## Stored data:
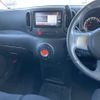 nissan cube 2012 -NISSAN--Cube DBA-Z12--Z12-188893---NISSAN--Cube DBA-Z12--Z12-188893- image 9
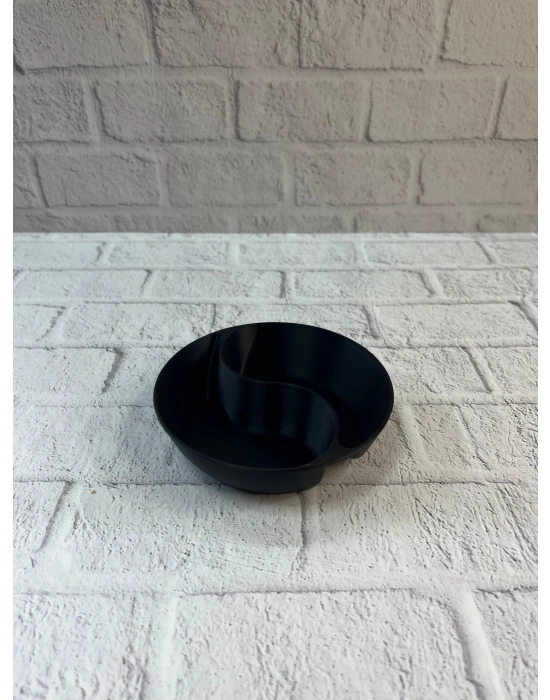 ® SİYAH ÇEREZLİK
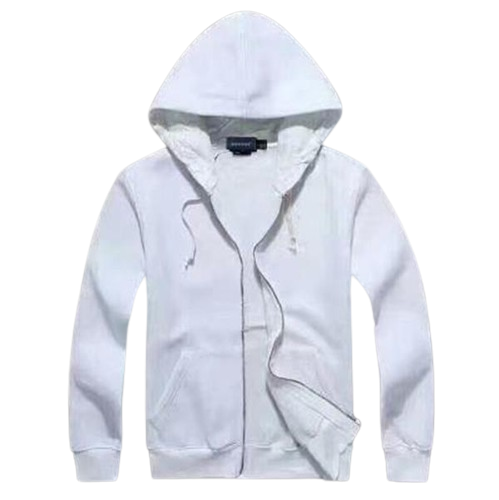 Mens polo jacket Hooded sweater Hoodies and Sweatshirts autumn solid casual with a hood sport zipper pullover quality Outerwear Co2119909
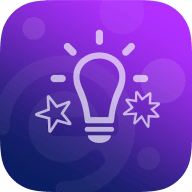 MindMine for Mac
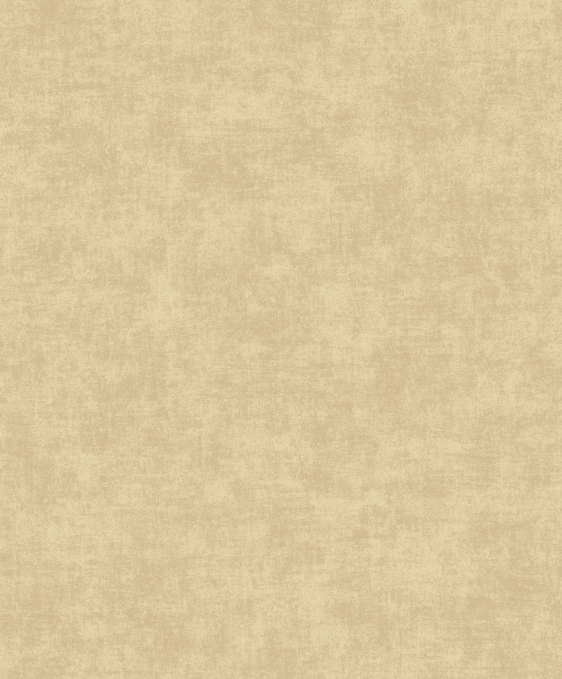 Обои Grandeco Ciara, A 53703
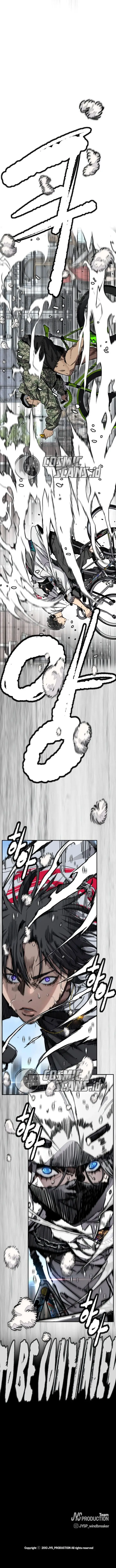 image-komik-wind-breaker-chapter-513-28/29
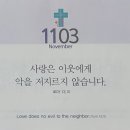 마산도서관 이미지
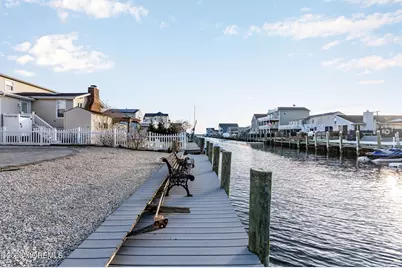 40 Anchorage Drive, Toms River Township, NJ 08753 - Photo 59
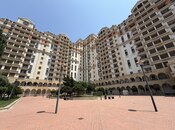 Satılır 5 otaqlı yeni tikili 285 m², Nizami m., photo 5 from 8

...

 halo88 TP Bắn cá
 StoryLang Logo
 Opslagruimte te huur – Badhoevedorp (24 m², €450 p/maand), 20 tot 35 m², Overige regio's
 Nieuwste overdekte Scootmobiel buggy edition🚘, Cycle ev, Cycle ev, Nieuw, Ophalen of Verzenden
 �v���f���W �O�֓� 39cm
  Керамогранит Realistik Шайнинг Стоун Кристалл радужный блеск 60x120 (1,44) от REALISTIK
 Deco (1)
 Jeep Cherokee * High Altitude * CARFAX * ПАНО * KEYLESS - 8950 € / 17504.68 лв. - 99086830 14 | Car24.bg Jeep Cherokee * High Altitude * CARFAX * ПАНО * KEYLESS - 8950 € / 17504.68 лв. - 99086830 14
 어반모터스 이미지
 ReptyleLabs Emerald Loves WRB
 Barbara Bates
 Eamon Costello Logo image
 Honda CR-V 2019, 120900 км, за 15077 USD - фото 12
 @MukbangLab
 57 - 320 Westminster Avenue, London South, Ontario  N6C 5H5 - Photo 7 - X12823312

==

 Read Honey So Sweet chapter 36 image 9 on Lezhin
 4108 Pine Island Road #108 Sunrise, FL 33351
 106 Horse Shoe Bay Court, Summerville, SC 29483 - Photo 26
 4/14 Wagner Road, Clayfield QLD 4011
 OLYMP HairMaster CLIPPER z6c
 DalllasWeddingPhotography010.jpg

## What is being asked:
Using the data above, transcribe the lines that run from the line with "Barbara Bates" to the line with "57 - 320 Westminster", both ends kept, and output nothing else.

## Solution for this problem:
 Barbara Bates
 Eamon Costello Logo image
 Honda CR-V 2019, 120900 км, за 15077 USD - фото 12
 @MukbangLab
 57 - 320 Westminster Avenue, London South, Ontario  N6C 5H5 - Photo 7 - X12823312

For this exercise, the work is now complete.